◆ **Task to complete**:
Since pictures are not wanted in the copy, output only the rest of each record exactly.
┌────────
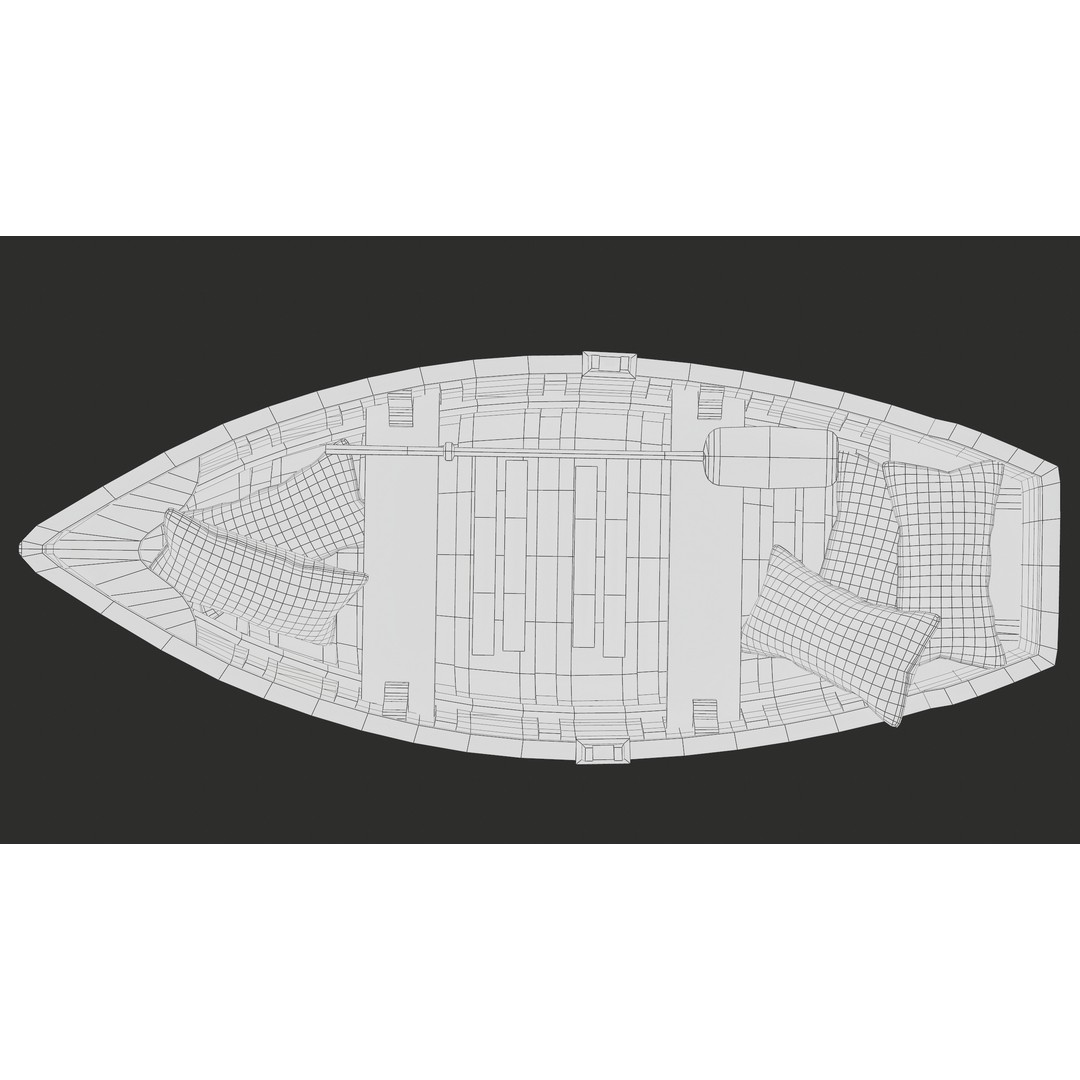 Old Wooden Boat 3D Model – Low Poly PBR Game Asset, FBX, Blender - View 26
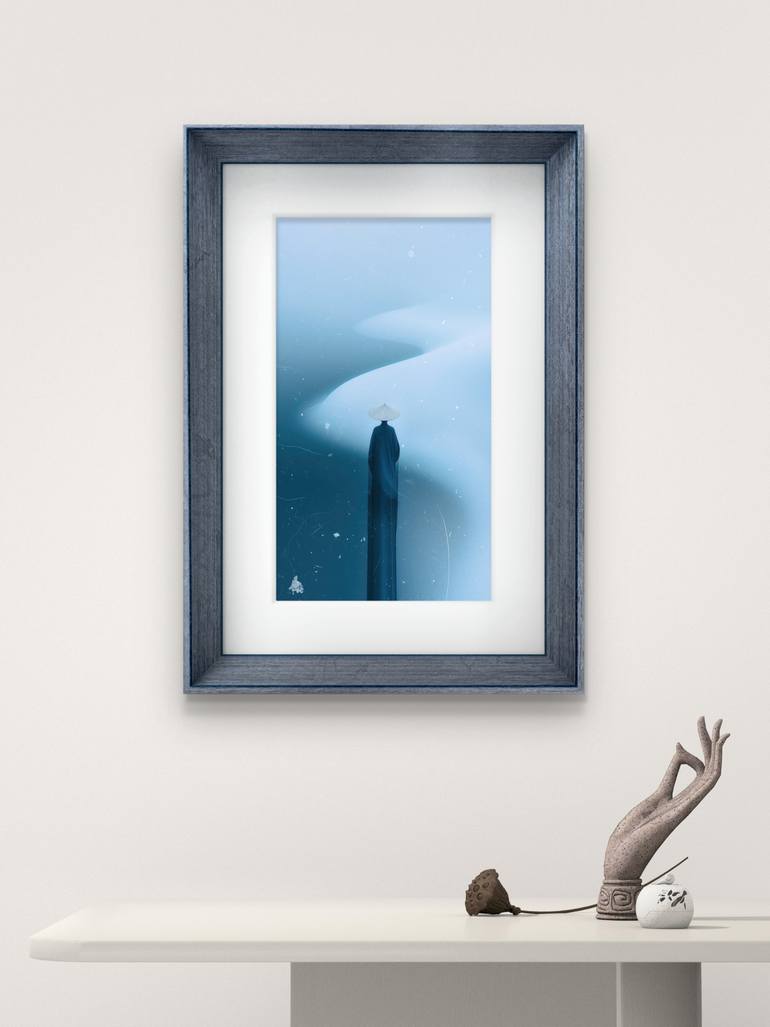 Original Artificial Intelligence Geometric Mixed Media by Ifusha Kalina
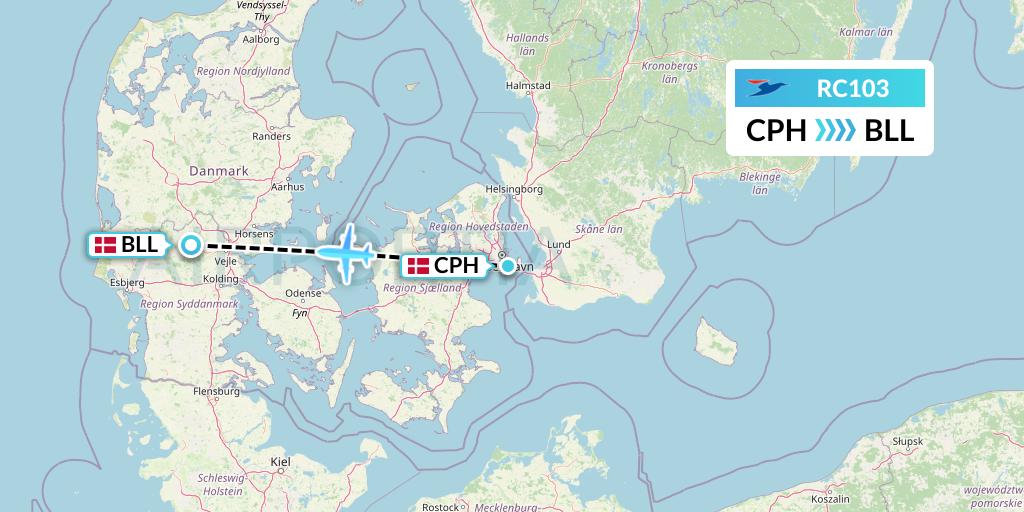 RC103 Atlantic Airways Flight Map: Copenhagen to Billund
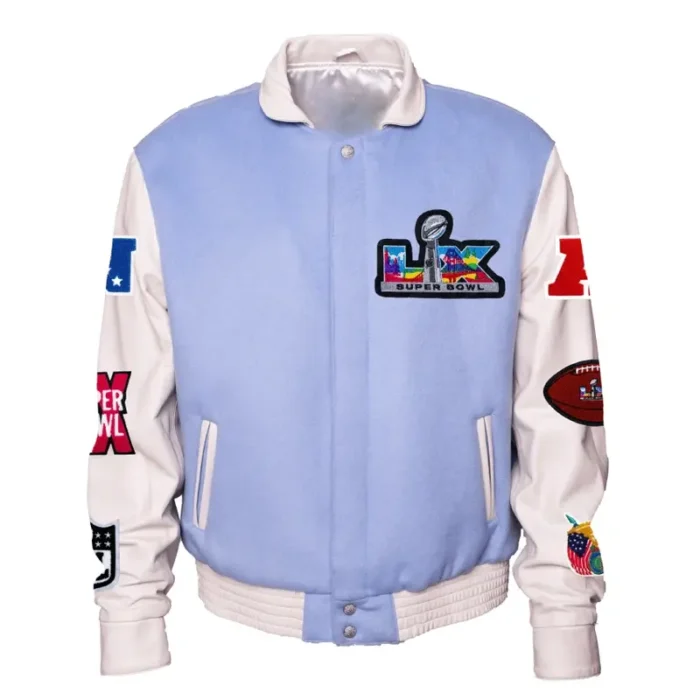 Super Bowl 2026 Jeff Hamilton Varsity Jacket Light Blue & White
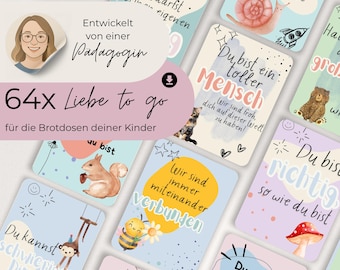 Amore per il tuo pranzo – 64 biglietti colorati con messaggi per bambini | digitali | Biglietti per il pranzo per combattere il dolore della separazione | Biglietti incoraggianti per l'asilo nido e la scuola
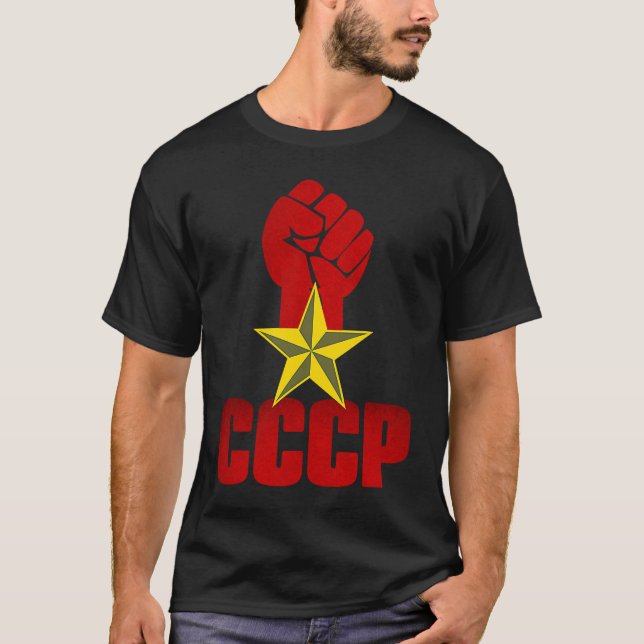 Camiseta União Soviética Poderosa Mão Comunista (Frente)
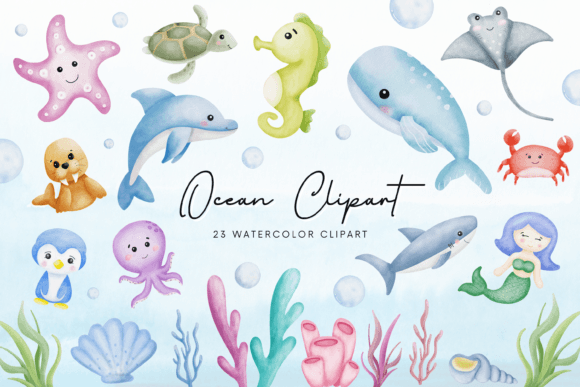 Download Ocean Animals Cute Watercolor Clipart - Cute watercolor Collection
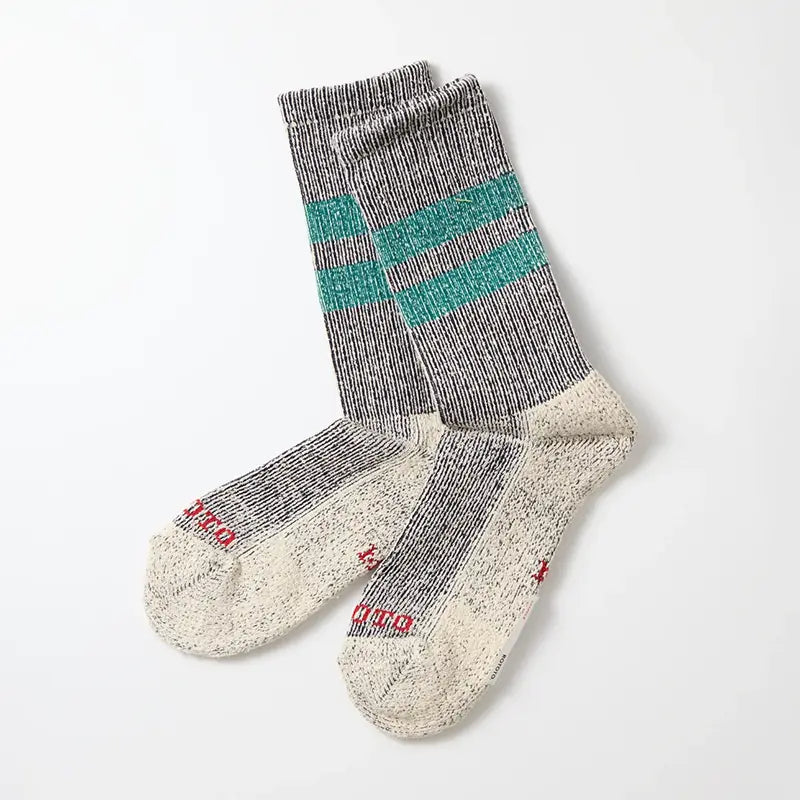 Pile Stripe Marl Sock - Navy/Sea Green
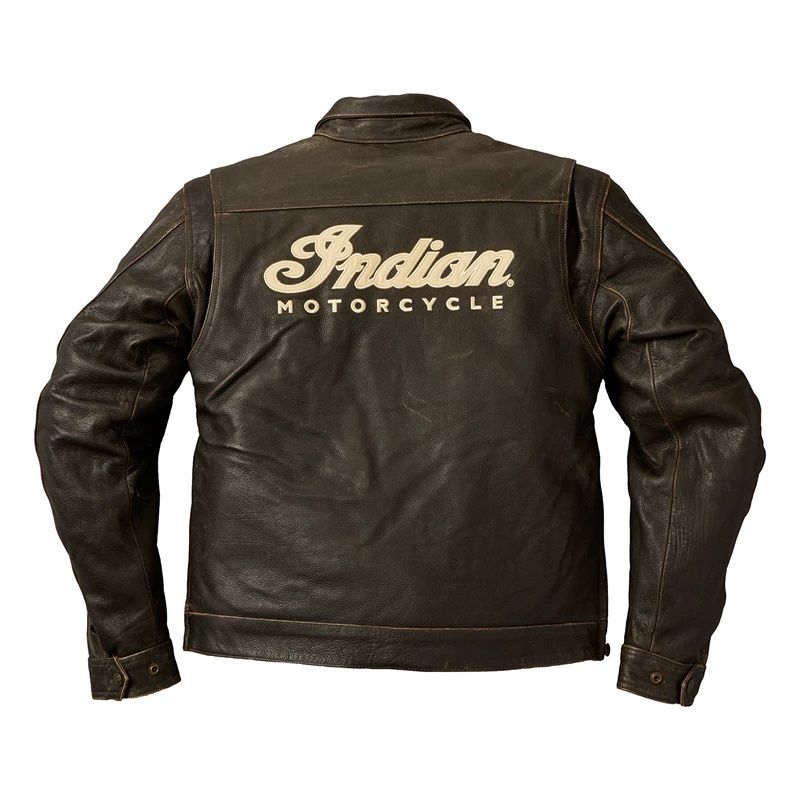 Indian Motorcycle Men's Classic Leather Riding Jacket - Dark Brown ...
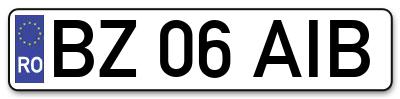 Placuta inmatriculare numar auto  BZ-06-AIB, BZ 06 AIB, BZ06AIB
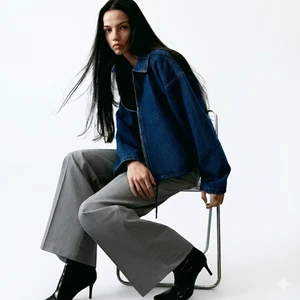 Women’s Collared Denim Jacket | Short Fit | Zip Front | Blue Denim | New Arrival - Picture 1 of 7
└────────
◆ **Response box**:
 Old Wooden Boat 3D Model – Low Poly PBR Game Asset, FBX, Blender - View 26
 Original Artificial Intelligence Geometric Mixed Media by Ifusha Kalina
 RC103 Atlantic Airways Flight Map: Copenhagen to Billund
 Super Bowl 2026 Jeff Hamilton Varsity Jacket Light Blue & White
 Amore per il tuo pranzo – 64 biglietti colorati con messaggi per bambini | digitali | Biglietti per il pranzo per combattere il dolore della separazione | Biglietti incoraggianti per l'asilo nido e la scuola
 Camiseta União Soviética Poderosa Mão Comunista (Frente)
 Download Ocean Animals Cute Watercolor Clipart - Cute watercolor Collection
 Pile Stripe Marl Sock - Navy/Sea Green
 Indian Motorcycle Men's Classic Leather Riding Jacket - Dark Brown ...
 Placuta inmatriculare numar auto  BZ-06-AIB, BZ 06 AIB, BZ06AIB
 Women’s Collared Denim Jacket | Short Fit | Zip Front | Blue Denim | New Arrival - Picture 1 of 7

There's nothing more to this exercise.